Top of Extracted entries

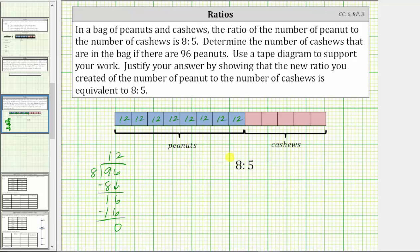To maintain the ratio of peanuts to cashews as eight to five, these five groups of cashews also must contain 12 cashews each.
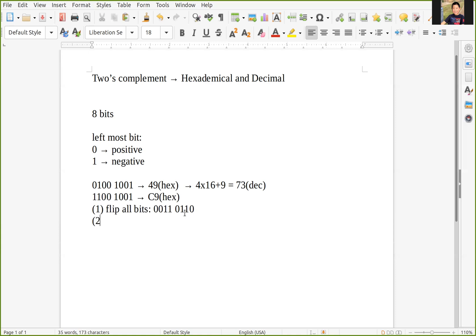Then add one, so it becomes 0011 0111. The last step is to add a negative sign.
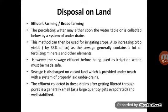In this method, the effluent water percolates down below the water table and is collected by an under-drain system installed underneath. This method can be used for irrigating crops, and it increases yield by up to 33%. The water is discharged on vacant land which is provided underneath with a system of properly laid under drains.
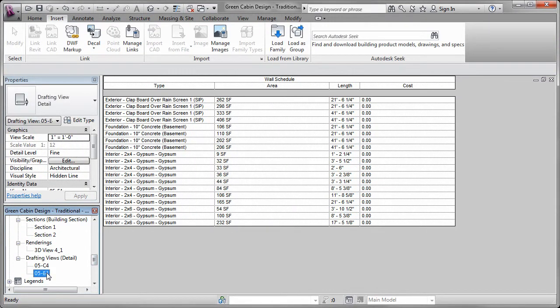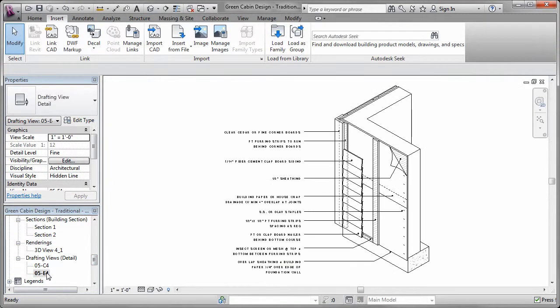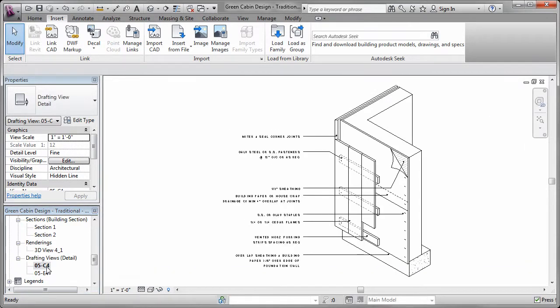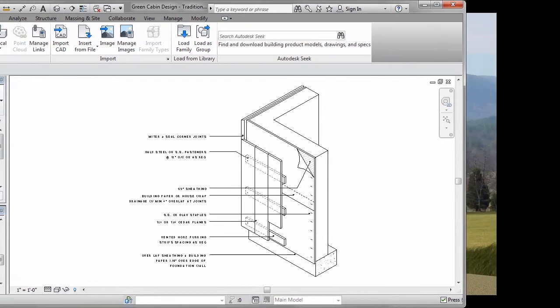Lastly, I added some predefined wall assembly details so the client would have a few different options on how they could build the cabin.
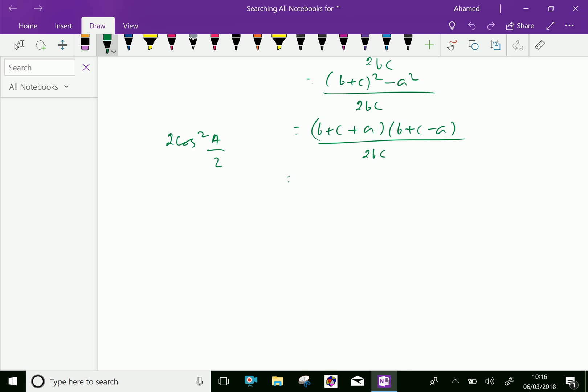We know that s equals half the perimeter, that is s equals (a + b + c) over 2. From that we can write b + c + a equals 2s.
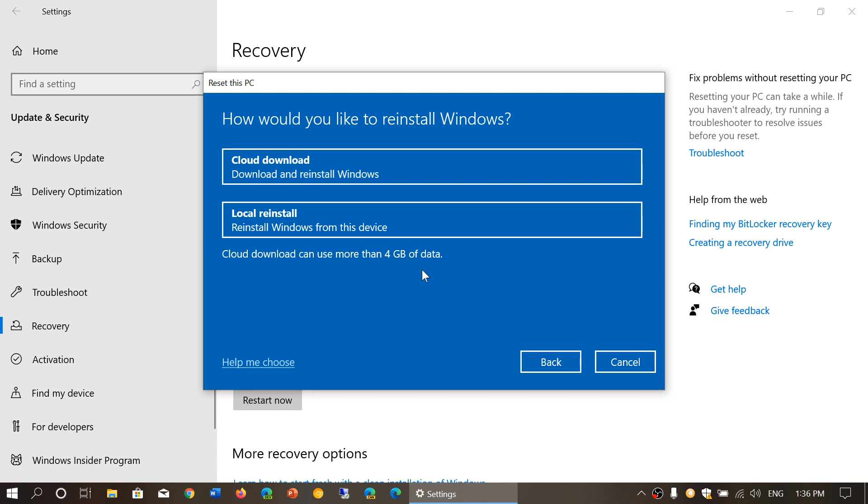My example was using May 2019 and stuff like that because I wanted to give kind of an idea, but this feature not being available before version 2004 obviously will not work before version 2004. So it's really a new feature looking forward into Windows.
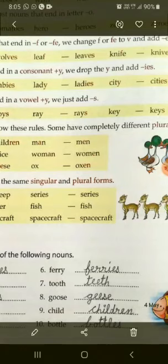So students, I hope you understand singular and plural nouns. Take care and goodbye.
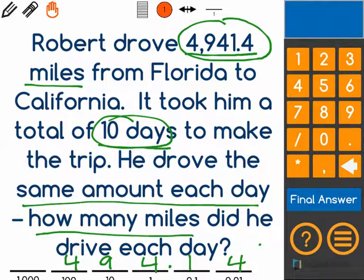Our new number is 494.14 miles, which is how many miles Robert drove each day on his trip.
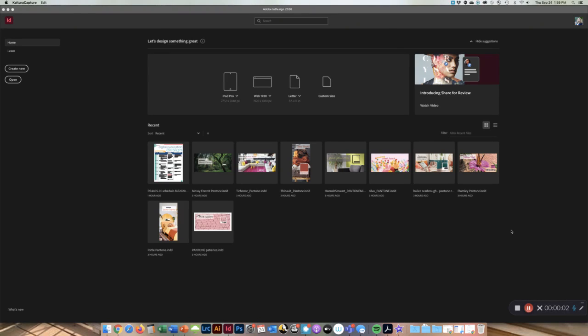Before you begin this video, please make sure that you've watched the first step one video on how to create a brochure template with paper.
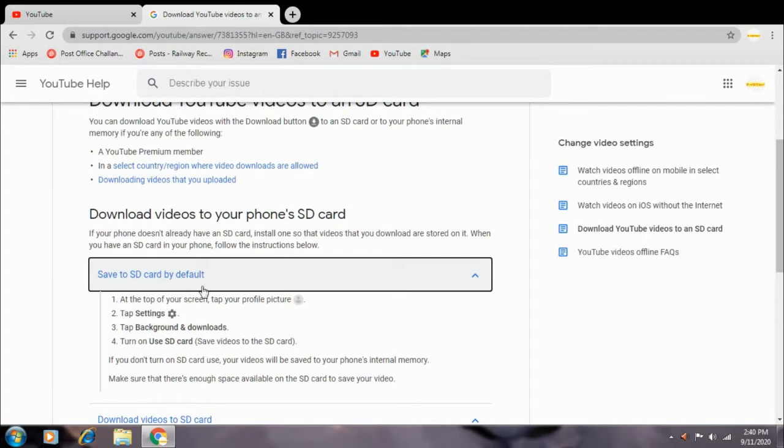You can easily download the SD card. You can download the YouTube video. You can use the 3 conditions.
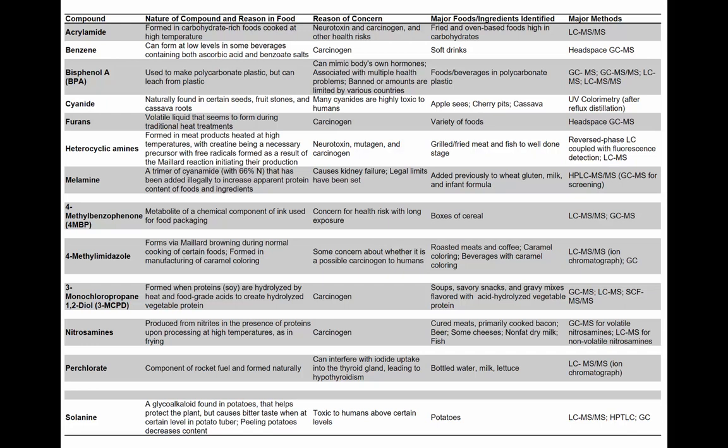Bisphenol A (BPA) is used in polycarbonate plastics. It can leach from the plastic into water and it mimics the body's hormones, associated with multiple health problems including diabetes and heart problems. Furans are another metabolite produced due to high heat and retorting, for example — they are a carcinogen and can be present in a variety of processed foods.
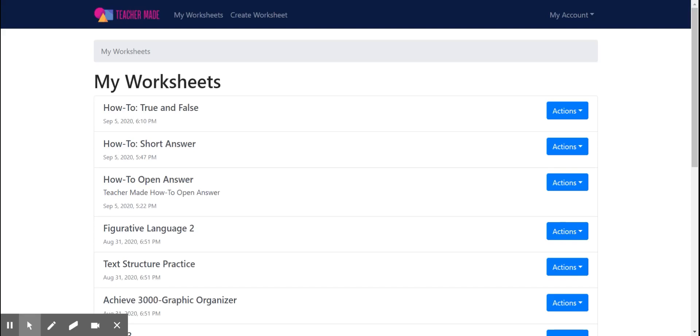Hey guys, it's Emily with TeacherMade.com. I'm here to welcome you to TeacherMade and show you how you can get started creating your very own digital worksheets.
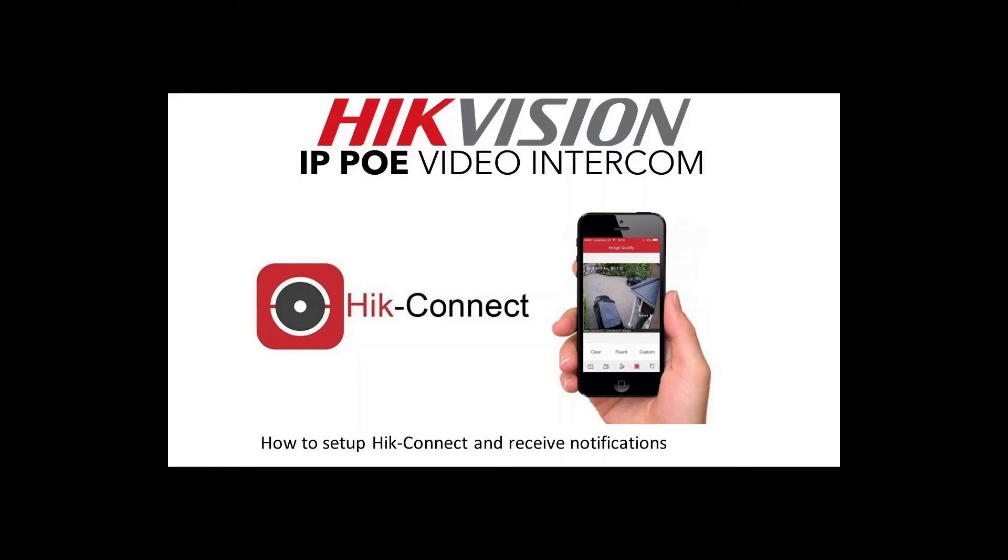Hey and welcome to another video on our IP video intercom series from Hikvision. Today we're going to show you how to set up the app so if someone rings, not only does your panel ring inside but your phone rings.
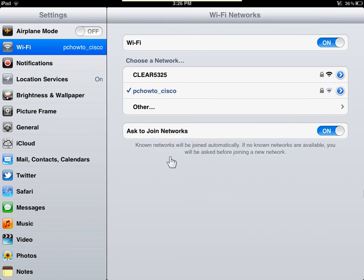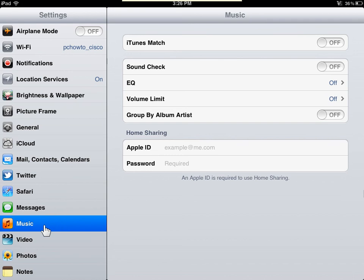On the home screen, tap Settings. From the Settings menu, tap the Music icon. In the Music area, tap the Soundcheck slider button.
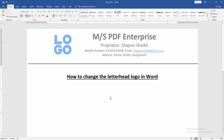Now we can see that we changed the letterhead logo very easily. I hope you enjoyed the video. Please like, comment, share, and subscribe to my channel. Thanks for watching.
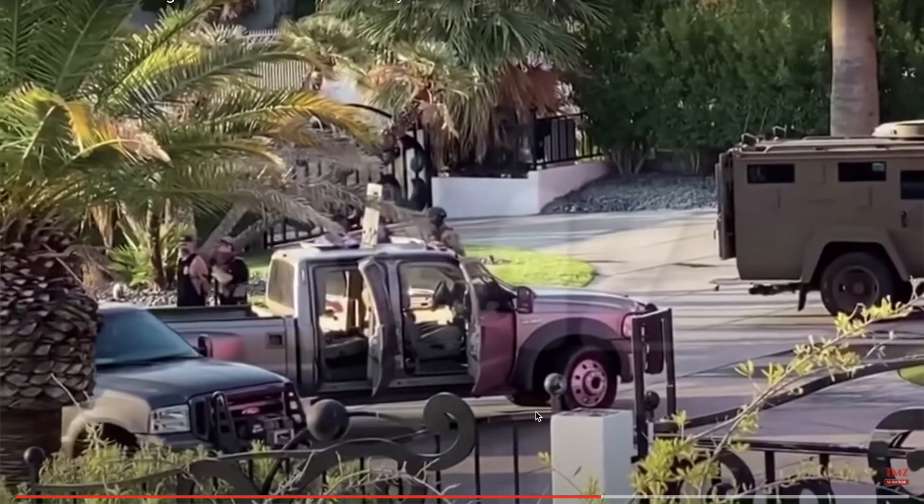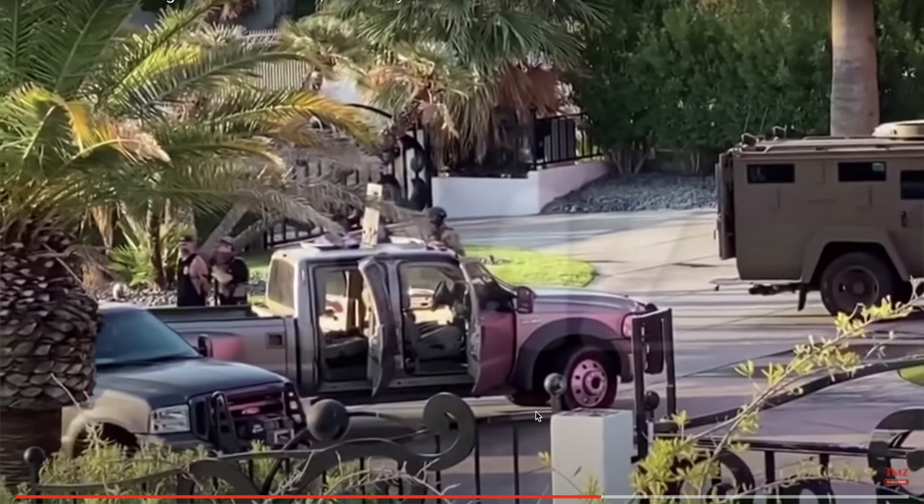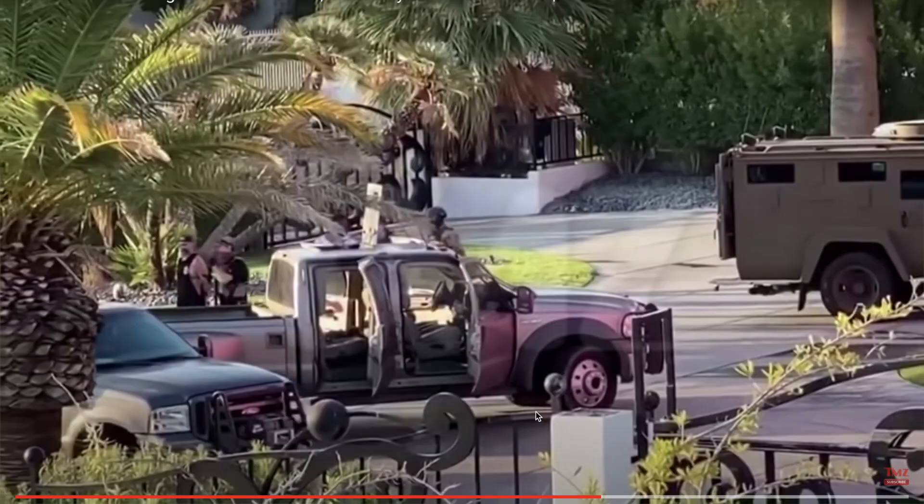Some people believe that Jake Paul's house was raided because of the big party he threw there during Corona season, but also a lot of people believe it could have something to do with Armani. Armani in the past has been very open about what he used to do in his past, and it's ugly. Armani's past is not good.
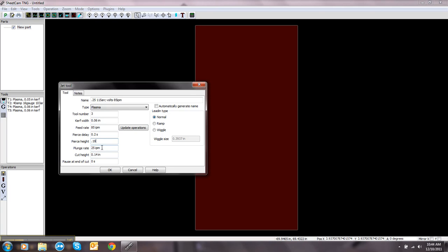The plunger rate, 25 inches a minute, is a good ballpark number. Your cut height, the book calls for 0.15.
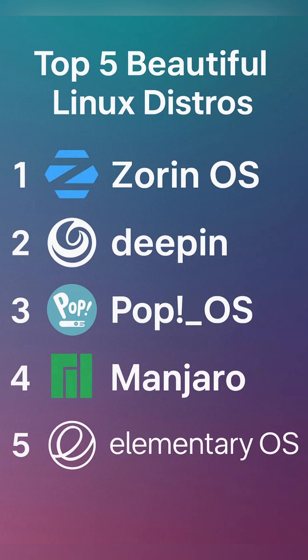Xorin OS, Deepin OS, Pop OS, Manjaro, and Elementary OS. Each of these distributions delivers a refined desktop environment, cohesive theming, and polished interface without requiring extensive user customization. They cater to different user preferences, ranging from those transitioning from Windows or Mac OS, to those seeking a lightweight yet modern experience, while remaining true to Linux's open source ethos.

Bottom of Extracted entries

- Assigned task -
Omit the pictures and write out the remaining data exactly.

- Reply to the task -
To maintain the ratio of peanuts to cashews as eight to five, these five groups of cashews also must contain 12 cashews each.
Then add one, so it becomes 0011 0111. The last step is to add a negative sign.
In this method, the effluent water percolates down below the water table and is collected by an under-drain system installed underneath. This method can be used for irrigating crops, and it increases yield by up to 33%. The water is discharged on vacant land which is provided underneath with a system of properly laid under drains.
Lastly, I added some predefined wall assembly details so the client would have a few different options on how they could build the cabin.
We know that s equals half the perimeter, that is s equals (a + b + c) over 2. From that we can write b + c + a equals 2s.
My example was using May 2019 and stuff like that because I wanted to give kind of an idea, but this feature not being available before version 2004 obviously will not work before version 2004. So it's really a new feature looking forward into Windows.
So students, I hope you understand singular and plural nouns. Take care and goodbye.
Our new number is 494.14 miles, which is how many miles Robert drove each day on his trip.
Before you begin this video, please make sure that you've watched the first step one video on how to create a brochure template with paper.
You can easily download the SD card. You can download the YouTube video. You can use the 3 conditions.
Bisphenol A (BPA) is used in polycarbonate plastics. It can leach from the plastic into water and it mimics the body's hormones, associated with multiple health problems including diabetes and heart problems. Furans are another metabolite produced due to high heat and retorting, for example — they are a carcinogen and can be present in a variety of processed foods.
Hey guys, it's Emily with TeacherMade.com. I'm here to welcome you to TeacherMade and show you how you can get started creating your very own digital worksheets.
Hey and welcome to another video on our IP video intercom series from Hikvision. Today we're going to show you how to set up the app so if someone rings, not only does your panel ring inside but your phone rings.
On the home screen, tap Settings. From the Settings menu, tap the Music icon. In the Music area, tap the Soundcheck slider button.
Now we can see that we changed the letterhead logo very easily. I hope you enjoyed the video. Please like, comment, share, and subscribe to my channel. Thanks for watching.
Some people believe that Jake Paul's house was raided because of the big party he threw there during Corona season, but also a lot of people believe it could have something to do with Armani. Armani in the past has been very open about what he used to do in his past, and it's ugly. Armani's past is not good.
The plunger rate, 25 inches a minute, is a good ballpark number. Your cut height, the book calls for 0.15.
Xorin OS, Deepin OS, Pop OS, Manjaro, and Elementary OS. Each of these distributions delivers a refined desktop environment, cohesive theming, and polished interface without requiring extensive user customization. They cater to different user preferences, ranging from those transitioning from Windows or Mac OS, to those seeking a lightweight yet modern experience, while remaining true to Linux's open source ethos.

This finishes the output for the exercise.